The Lady from Zagreb
© 2015 Phillip Kerr
Bernie Gunther was an ordinary police detective in wild, wonderful Weimar until Germany’s economy collapsed and fringe parties swept into power. His police department absorbed by the SS, he wears the uniform of a party and of an ideology he loathes – and does a poor job of even pretending to tolerate. His antipathy for the Party makes a man of Bernie’s talents a useful tool, however, at least to Joseph Goebbels. With no career prospects or political ambition, the detective can be hired for a little bit of innocent work that the master of deceit would prefer to keep concealed from his rivals in evil miniondom, like Himmler. For instance, Goebbels has his eye on a certain starlet who is waffling on cinema as a career prospect, despite being a Siren-like beauty who is sure to become the continent’s most popular actress. Officially, of course, the chief of propaganda wants to keep her engaged making films to glorify the fatherland, but he also has more intimate engagements in mind – the kind that married men have no business in making. The problem is that the poor dear is distracted by her long-missing father, lost in war-torn Yugoslavia. What he’d like for Gunther to do is pop down to the most hellish place in Europe short of Auschwitz for a spell, find dear old dad, and then report back to Berlin.

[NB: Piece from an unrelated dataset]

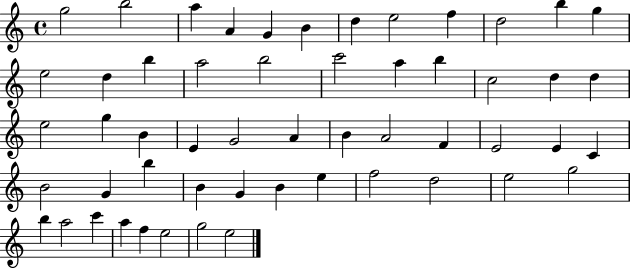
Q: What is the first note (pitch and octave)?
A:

Nothing is ever so simple, of course. Gunther has already encountered some soul-harrowing scenes since the Nazis took power in 1933; he has seen massacres on both the Soviet and Nazi sides of the battle-lines, and been exposed to the Final Solution in action. Yugoslavia, however, is a bloodbath to be endured only with the native whiskey,:Gunther’s report makes even Goebbels blanch at the horror of it. There, the princes of hell on earth decorate their strongholds with skulls on pikes, and photographs of executions, like something out of a nightmare. The usual psychological defenses – sarcasm, booze, and cigarettes – don’t quite do the trick. To survive, Gunther counterattacks: he falls in love. If the hormone rush from becoming infatuated with Germany’s foremost sex symbol doesn’t do the trick, then perhaps the thrill of chasing a girl who is not only married, but a mistress-potential for one of the most powerful men in the reich will. Eventually the action moves to Switzerland, where Americans mistake Gunther for a German general and hilarity ensues. Amid even more
death, however, the piece of a puzzle which has lingered on Gunther’s mind for a year finally falls into place.
The Lady from Zagreb is a very well-done detective novel, putting its wartime Europe setting to good effect and linking several mysteries together. The humor is biting, as ever; on learning that a fellow officer is writing yet another novel, Gunther comments that there will always be room in Germany for more novels, provided his countrymen keep burning them. In an early scene, a man is literally killed by Hitler; a bust of Adolf is used as a bludgeon. Against the backdrop of both the Holocaust and the obscene carnage of Yugoslavia, however, even that humor fails to prevent this from being an utterly distressing novel, set in a land of desecration and filled with horror and manipulation. Not even Gunther’s relationship with Dalia is free from the cloud of horror, unsurprising given Goebbels’ close presence. Certainly there’s no fault in creativity or research; the book is littered with odd little details that must have been strange research finds, like a U-boat parked on the autobahn; one of Gunther’s escapes is especially captivating. As thrilling as it is, Zagreb is more than touch dispiriting on the whole, however.